- Task brief:
The listing below holds a line with "Dettaglio di un" and a later line with "May include: A". Write out those two lines and every line between them, exactly, and nothing else.

= Beginning of Section =

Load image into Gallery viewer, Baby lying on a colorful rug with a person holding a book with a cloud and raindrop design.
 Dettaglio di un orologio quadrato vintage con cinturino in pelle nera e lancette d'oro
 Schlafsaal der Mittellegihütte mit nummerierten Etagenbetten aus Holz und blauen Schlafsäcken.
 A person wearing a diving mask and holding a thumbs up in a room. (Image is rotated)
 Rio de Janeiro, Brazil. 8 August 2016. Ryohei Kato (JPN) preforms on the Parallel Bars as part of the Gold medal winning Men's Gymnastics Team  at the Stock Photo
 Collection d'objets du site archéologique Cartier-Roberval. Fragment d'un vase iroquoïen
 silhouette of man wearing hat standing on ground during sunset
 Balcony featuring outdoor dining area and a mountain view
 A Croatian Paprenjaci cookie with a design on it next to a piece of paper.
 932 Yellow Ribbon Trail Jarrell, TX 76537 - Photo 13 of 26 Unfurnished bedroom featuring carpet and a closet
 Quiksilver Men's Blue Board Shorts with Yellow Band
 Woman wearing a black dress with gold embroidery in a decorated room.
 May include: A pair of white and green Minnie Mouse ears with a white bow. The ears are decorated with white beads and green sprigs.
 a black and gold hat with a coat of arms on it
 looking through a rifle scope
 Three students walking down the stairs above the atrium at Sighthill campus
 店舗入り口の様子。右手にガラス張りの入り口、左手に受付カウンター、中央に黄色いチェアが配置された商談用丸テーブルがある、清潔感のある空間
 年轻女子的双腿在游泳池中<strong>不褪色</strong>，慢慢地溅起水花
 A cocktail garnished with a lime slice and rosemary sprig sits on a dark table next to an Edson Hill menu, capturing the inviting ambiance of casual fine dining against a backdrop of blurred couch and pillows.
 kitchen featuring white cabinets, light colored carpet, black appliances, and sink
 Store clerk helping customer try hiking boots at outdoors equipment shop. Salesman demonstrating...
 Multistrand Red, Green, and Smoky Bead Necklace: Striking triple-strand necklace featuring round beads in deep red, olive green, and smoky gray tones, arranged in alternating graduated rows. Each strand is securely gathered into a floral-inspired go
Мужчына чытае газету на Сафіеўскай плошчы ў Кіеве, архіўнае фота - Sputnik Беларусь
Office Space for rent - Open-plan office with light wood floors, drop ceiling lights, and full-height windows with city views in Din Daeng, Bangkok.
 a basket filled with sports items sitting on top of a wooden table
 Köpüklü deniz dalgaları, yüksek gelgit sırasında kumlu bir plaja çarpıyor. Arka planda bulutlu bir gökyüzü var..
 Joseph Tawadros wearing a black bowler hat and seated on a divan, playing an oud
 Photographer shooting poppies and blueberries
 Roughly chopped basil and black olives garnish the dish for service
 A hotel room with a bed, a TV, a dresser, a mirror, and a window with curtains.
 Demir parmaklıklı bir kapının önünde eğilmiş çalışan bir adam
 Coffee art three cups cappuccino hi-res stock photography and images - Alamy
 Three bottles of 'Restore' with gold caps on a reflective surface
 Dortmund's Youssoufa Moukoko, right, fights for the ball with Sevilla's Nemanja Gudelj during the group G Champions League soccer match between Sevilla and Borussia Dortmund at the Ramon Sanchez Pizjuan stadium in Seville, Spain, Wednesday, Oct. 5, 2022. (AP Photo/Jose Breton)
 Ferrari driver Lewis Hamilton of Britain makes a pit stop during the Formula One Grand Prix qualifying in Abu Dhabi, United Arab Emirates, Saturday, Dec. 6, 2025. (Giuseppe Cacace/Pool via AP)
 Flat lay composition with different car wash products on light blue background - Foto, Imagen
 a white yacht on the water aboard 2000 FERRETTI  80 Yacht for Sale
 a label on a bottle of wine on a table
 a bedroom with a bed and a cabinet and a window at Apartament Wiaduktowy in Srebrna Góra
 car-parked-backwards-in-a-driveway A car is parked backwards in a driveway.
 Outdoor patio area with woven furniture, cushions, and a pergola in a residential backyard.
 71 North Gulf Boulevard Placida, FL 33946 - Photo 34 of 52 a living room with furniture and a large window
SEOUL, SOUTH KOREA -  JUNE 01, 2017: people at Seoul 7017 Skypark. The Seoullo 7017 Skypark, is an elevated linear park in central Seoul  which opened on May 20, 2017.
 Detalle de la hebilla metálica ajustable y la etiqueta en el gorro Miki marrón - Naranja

= End of Section =

- Written answer:
 Dettaglio di un orologio quadrato vintage con cinturino in pelle nera e lancette d'oro
 Schlafsaal der Mittellegihütte mit nummerierten Etagenbetten aus Holz und blauen Schlafsäcken.
 A person wearing a diving mask and holding a thumbs up in a room. (Image is rotated)
 Rio de Janeiro, Brazil. 8 August 2016. Ryohei Kato (JPN) preforms on the Parallel Bars as part of the Gold medal winning Men's Gymnastics Team  at the Stock Photo
 Collection d'objets du site archéologique Cartier-Roberval. Fragment d'un vase iroquoïen
 silhouette of man wearing hat standing on ground during sunset
 Balcony featuring outdoor dining area and a mountain view
 A Croatian Paprenjaci cookie with a design on it next to a piece of paper.
 932 Yellow Ribbon Trail Jarrell, TX 76537 - Photo 13 of 26 Unfurnished bedroom featuring carpet and a closet
 Quiksilver Men's Blue Board Shorts with Yellow Band
 Woman wearing a black dress with gold embroidery in a decorated room.
 May include: A pair of white and green Minnie Mouse ears with a white bow. The ears are decorated with white beads and green sprigs.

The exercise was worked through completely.